The telling of a multi-faceted story requires a multi-faceted director. Makavejev is capturing the importance of film as an anthropological time capsule; he is capturing the importance of the lies and escapism that the viewer desperately needs, he is capturing a seldom seen perspective on the events of World War II and how it impacted life in Yugoslavia and Serbia, and he is capturing what film exposes to those with the contextual framework to be able to see the truths that are only found through the perception of purposeful omission. Makavejev’s unique style allows us to see all of these elements, even without the need for firsthand experience. By showing us the importance in this film that was nearly lost, he brings significance to his own film as the mechanism for telling a previously untold story.
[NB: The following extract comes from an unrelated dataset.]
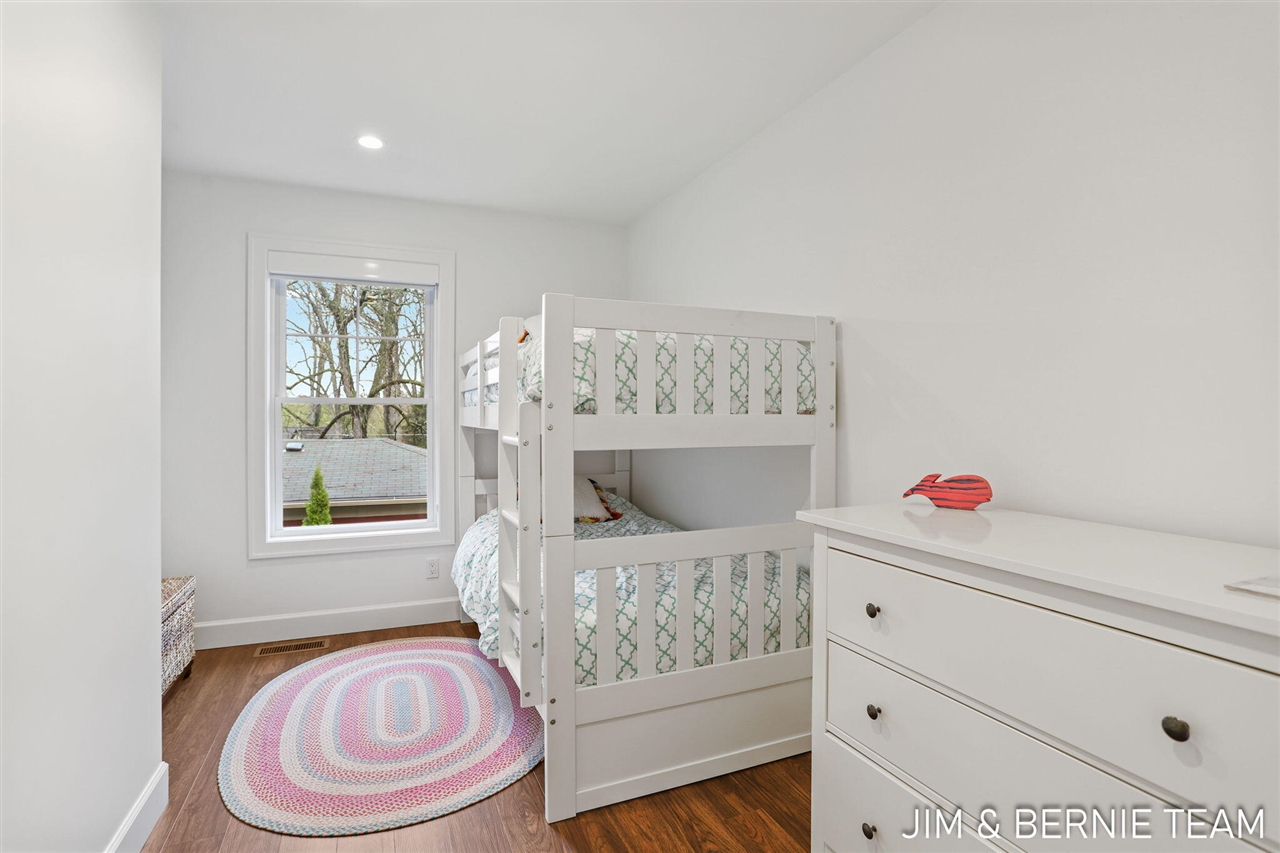153 Elizabeth Street, Saugatuck, MI, 49453-9656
The original Innocence Unprotected is not a “good” film by conventional definition. It is seemingly a silly and one-dimensional melodrama, and one would be hard pressed to find artistic significance in its poorly executed populist narrative and bland film-making techniques. By constructing layers of meta-narration and contextualizing the film, Makavejev shows us that perhaps the film holds a profound significance that we otherwise would have been unaware of. He uses uninterrupted sequences from the original film and works in documentary material and historical footage to flesh out the societal conditions at the time that the original film was made. A character in the original Innocence Unprotected stops for a moment to daydream, and their daydream becomes footage from the real world conditions of war, death, and destruction. Seeing this horrific imagery serves to illustrate a certain triviality and silliness in the original film, but as even more layers of meta-narration are added we begin to see significance where none was previously found.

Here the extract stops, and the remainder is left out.